Reproduce the section of the listing that begins at the line containing "Women's Sandals Flat" and finishes at the line containing "Baltimore Ravens 2". Include both end lines and nothing beyond them.

────────────────────

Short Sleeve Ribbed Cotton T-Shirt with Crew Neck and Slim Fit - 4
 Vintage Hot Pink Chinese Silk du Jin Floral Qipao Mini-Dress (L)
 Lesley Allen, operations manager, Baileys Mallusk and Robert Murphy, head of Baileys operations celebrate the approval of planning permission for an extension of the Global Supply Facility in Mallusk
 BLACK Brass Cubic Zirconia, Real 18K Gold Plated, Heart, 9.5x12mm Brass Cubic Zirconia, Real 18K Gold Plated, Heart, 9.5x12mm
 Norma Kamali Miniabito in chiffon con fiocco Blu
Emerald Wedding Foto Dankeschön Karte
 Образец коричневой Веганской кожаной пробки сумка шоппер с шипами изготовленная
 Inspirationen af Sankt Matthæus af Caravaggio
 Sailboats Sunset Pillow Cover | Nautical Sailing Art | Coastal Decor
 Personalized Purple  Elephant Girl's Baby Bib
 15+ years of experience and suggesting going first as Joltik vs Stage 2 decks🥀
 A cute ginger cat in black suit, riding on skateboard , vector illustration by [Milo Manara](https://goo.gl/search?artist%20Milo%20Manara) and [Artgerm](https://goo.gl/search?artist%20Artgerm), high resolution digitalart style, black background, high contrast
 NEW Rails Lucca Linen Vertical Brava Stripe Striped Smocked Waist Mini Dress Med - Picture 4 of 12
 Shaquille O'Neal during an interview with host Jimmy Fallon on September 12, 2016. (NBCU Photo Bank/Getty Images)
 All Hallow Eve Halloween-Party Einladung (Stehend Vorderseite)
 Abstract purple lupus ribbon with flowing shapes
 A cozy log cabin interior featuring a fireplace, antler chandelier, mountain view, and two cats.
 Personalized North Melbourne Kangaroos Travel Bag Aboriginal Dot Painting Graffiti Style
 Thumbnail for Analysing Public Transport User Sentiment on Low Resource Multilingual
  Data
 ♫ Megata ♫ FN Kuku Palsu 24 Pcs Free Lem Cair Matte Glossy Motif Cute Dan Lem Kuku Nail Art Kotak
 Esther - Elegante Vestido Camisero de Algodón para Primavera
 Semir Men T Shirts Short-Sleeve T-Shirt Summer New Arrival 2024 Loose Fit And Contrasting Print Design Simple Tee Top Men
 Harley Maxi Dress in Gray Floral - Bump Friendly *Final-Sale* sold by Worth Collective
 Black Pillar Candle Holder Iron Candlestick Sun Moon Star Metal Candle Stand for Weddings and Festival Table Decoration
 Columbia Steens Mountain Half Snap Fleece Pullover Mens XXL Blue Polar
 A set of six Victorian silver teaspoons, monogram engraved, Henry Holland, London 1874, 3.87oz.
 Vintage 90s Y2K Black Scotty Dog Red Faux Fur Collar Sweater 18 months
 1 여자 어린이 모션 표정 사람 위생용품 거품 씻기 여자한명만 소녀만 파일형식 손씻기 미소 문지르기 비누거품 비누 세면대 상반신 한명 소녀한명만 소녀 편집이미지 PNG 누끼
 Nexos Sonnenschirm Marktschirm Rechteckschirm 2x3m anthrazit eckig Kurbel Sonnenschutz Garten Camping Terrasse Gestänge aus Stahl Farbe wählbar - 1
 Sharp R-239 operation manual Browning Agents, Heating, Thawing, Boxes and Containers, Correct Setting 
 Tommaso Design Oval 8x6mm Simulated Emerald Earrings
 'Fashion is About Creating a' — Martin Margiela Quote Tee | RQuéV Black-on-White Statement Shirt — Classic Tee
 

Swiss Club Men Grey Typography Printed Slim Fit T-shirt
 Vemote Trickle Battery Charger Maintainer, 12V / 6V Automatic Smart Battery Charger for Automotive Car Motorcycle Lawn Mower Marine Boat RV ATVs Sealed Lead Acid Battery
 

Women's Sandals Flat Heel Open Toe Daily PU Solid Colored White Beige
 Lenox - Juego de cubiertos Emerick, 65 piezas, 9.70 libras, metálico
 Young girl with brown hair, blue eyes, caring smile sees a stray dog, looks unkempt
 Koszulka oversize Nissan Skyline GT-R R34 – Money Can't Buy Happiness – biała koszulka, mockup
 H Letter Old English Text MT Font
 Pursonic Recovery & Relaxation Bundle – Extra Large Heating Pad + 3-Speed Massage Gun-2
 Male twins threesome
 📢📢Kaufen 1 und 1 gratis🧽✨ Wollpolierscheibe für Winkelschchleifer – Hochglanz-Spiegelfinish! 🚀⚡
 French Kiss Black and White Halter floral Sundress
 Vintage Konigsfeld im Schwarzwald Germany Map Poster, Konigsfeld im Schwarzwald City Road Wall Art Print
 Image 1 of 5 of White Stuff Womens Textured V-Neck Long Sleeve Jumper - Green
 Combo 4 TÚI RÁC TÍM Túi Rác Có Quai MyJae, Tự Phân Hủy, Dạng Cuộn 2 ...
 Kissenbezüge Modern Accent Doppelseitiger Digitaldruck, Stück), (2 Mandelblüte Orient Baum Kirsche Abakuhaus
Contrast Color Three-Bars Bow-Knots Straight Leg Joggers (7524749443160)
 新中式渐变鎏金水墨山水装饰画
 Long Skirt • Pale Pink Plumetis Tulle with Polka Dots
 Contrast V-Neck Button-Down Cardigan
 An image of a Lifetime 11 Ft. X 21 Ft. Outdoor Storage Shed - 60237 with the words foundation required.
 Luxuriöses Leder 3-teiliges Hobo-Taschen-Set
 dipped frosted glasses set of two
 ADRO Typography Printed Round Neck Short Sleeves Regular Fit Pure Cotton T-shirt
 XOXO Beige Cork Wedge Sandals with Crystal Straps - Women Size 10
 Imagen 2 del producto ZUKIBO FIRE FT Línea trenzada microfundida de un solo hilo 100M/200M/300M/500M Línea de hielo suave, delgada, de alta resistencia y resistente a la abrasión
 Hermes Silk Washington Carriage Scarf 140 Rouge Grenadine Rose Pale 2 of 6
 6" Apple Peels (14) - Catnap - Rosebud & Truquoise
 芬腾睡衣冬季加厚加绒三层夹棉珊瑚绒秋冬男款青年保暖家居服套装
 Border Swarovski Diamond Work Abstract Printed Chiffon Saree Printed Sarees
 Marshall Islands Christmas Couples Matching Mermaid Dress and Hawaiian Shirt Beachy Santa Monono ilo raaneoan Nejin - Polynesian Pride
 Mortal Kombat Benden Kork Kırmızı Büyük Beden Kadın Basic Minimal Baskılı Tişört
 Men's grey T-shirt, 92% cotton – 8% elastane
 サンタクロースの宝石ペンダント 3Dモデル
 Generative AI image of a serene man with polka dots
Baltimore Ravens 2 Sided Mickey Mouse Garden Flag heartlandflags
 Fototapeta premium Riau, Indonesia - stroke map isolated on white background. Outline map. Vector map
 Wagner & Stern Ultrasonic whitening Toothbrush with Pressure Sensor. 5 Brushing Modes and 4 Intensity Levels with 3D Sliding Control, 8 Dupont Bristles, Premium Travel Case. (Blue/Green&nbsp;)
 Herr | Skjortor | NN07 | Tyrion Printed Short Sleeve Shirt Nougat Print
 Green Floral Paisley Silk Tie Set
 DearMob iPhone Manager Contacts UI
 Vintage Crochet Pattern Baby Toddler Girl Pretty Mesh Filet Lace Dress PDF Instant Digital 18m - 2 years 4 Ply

────────────────────

Completed task:
Women's Sandals Flat Heel Open Toe Daily PU Solid Colored White Beige
 Lenox - Juego de cubiertos Emerick, 65 piezas, 9.70 libras, metálico
 Young girl with brown hair, blue eyes, caring smile sees a stray dog, looks unkempt
 Koszulka oversize Nissan Skyline GT-R R34 – Money Can't Buy Happiness – biała koszulka, mockup
 H Letter Old English Text MT Font
 Pursonic Recovery & Relaxation Bundle – Extra Large Heating Pad + 3-Speed Massage Gun-2
 Male twins threesome
 📢📢Kaufen 1 und 1 gratis🧽✨ Wollpolierscheibe für Winkelschchleifer – Hochglanz-Spiegelfinish! 🚀⚡
 French Kiss Black and White Halter floral Sundress
 Vintage Konigsfeld im Schwarzwald Germany Map Poster, Konigsfeld im Schwarzwald City Road Wall Art Print
 Image 1 of 5 of White Stuff Womens Textured V-Neck Long Sleeve Jumper - Green
 Combo 4 TÚI RÁC TÍM Túi Rác Có Quai MyJae, Tự Phân Hủy, Dạng Cuộn 2 ...
 Kissenbezüge Modern Accent Doppelseitiger Digitaldruck, Stück), (2 Mandelblüte Orient Baum Kirsche Abakuhaus
Contrast Color Three-Bars Bow-Knots Straight Leg Joggers (7524749443160)
 新中式渐变鎏金水墨山水装饰画
 Long Skirt • Pale Pink Plumetis Tulle with Polka Dots
 Contrast V-Neck Button-Down Cardigan
 An image of a Lifetime 11 Ft. X 21 Ft. Outdoor Storage Shed - 60237 with the words foundation required.
 Luxuriöses Leder 3-teiliges Hobo-Taschen-Set
 dipped frosted glasses set of two
 ADRO Typography Printed Round Neck Short Sleeves Regular Fit Pure Cotton T-shirt
 XOXO Beige Cork Wedge Sandals with Crystal Straps - Women Size 10
 Imagen 2 del producto ZUKIBO FIRE FT Línea trenzada microfundida de un solo hilo 100M/200M/300M/500M Línea de hielo suave, delgada, de alta resistencia y resistente a la abrasión
 Hermes Silk Washington Carriage Scarf 140 Rouge Grenadine Rose Pale 2 of 6
 6" Apple Peels (14) - Catnap - Rosebud & Truquoise
 芬腾睡衣冬季加厚加绒三层夹棉珊瑚绒秋冬男款青年保暖家居服套装
 Border Swarovski Diamond Work Abstract Printed Chiffon Saree Printed Sarees
 Marshall Islands Christmas Couples Matching Mermaid Dress and Hawaiian Shirt Beachy Santa Monono ilo raaneoan Nejin - Polynesian Pride
 Mortal Kombat Benden Kork Kırmızı Büyük Beden Kadın Basic Minimal Baskılı Tişört
 Men's grey T-shirt, 92% cotton – 8% elastane
 サンタクロースの宝石ペンダント 3Dモデル
 Generative AI image of a serene man with polka dots
Baltimore Ravens 2 Sided Mickey Mouse Garden Flag heartlandflags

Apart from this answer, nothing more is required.